GIVEN DATA below:

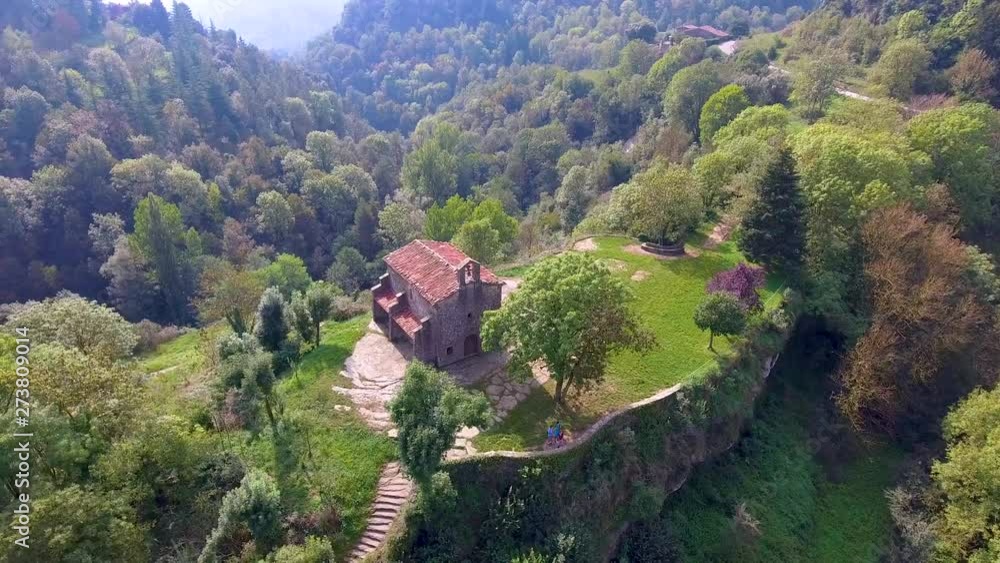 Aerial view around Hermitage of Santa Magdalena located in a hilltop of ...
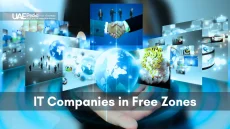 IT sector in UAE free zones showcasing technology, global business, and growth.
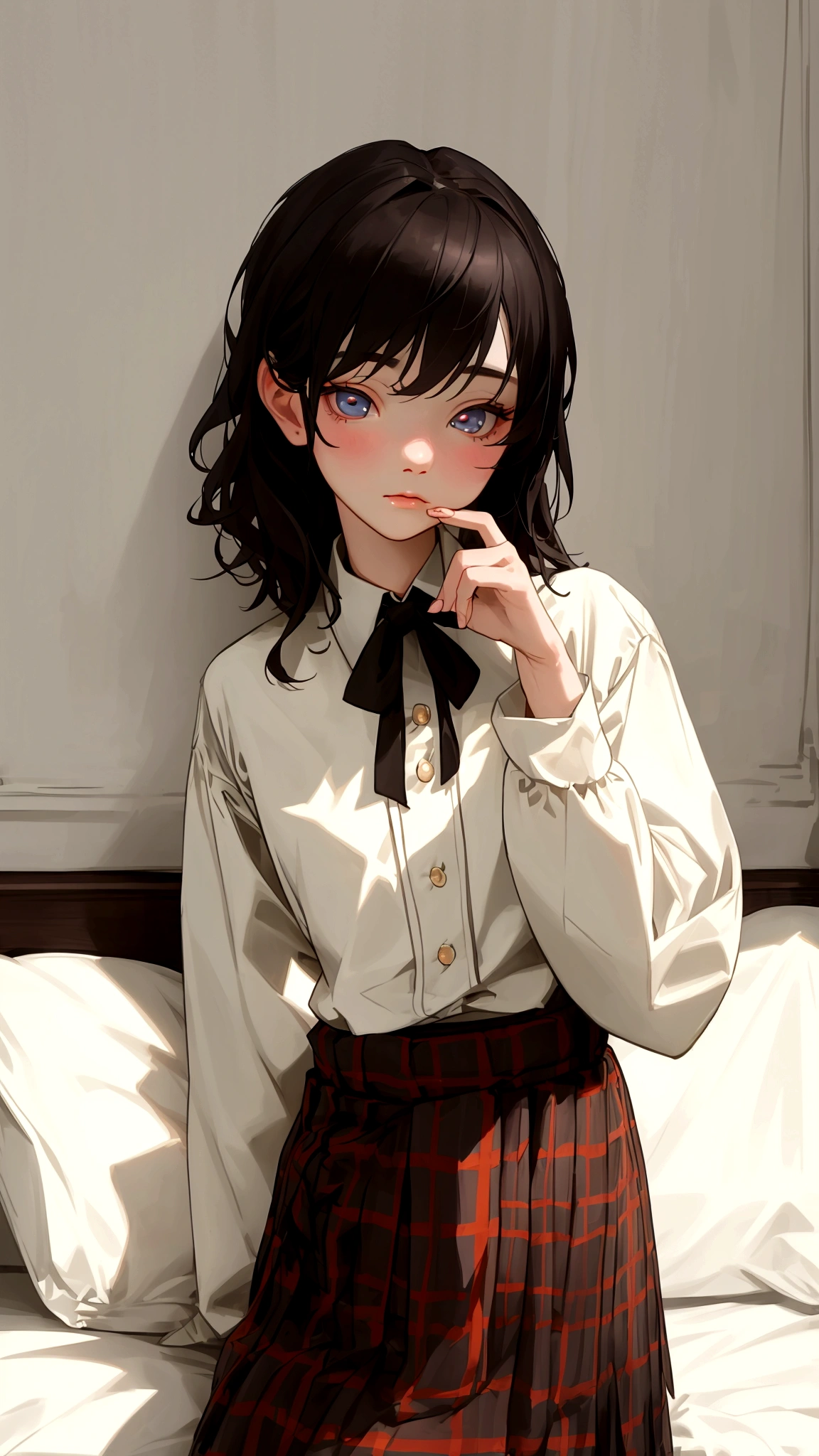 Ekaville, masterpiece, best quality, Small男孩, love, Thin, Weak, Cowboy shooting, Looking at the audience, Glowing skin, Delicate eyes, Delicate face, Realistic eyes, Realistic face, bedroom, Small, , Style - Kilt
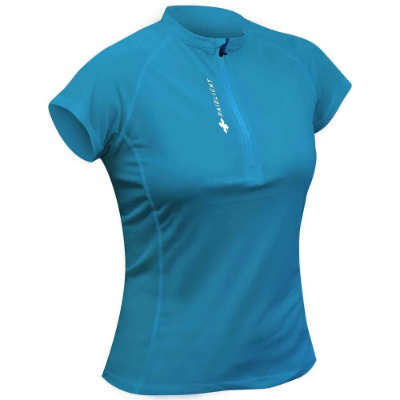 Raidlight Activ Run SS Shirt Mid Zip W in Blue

End of GIVEN DATA.

:: ACTIVITY ::
Output all lines above precisely. Pictures are to be left out.

:: RESULT OF THIS EXERCISE ::
 Aerial view around Hermitage of Santa Magdalena located in a hilltop of ...
 IT sector in UAE free zones showcasing technology, global business, and growth.
 Ekaville, masterpiece, best quality, Small男孩, love, Thin, Weak, Cowboy shooting, Looking at the audience, Glowing skin, Delicate eyes, Delicate face, Realistic eyes, Realistic face, bedroom, Small, , Style - Kilt
 Raidlight Activ Run SS Shirt Mid Zip W in Blue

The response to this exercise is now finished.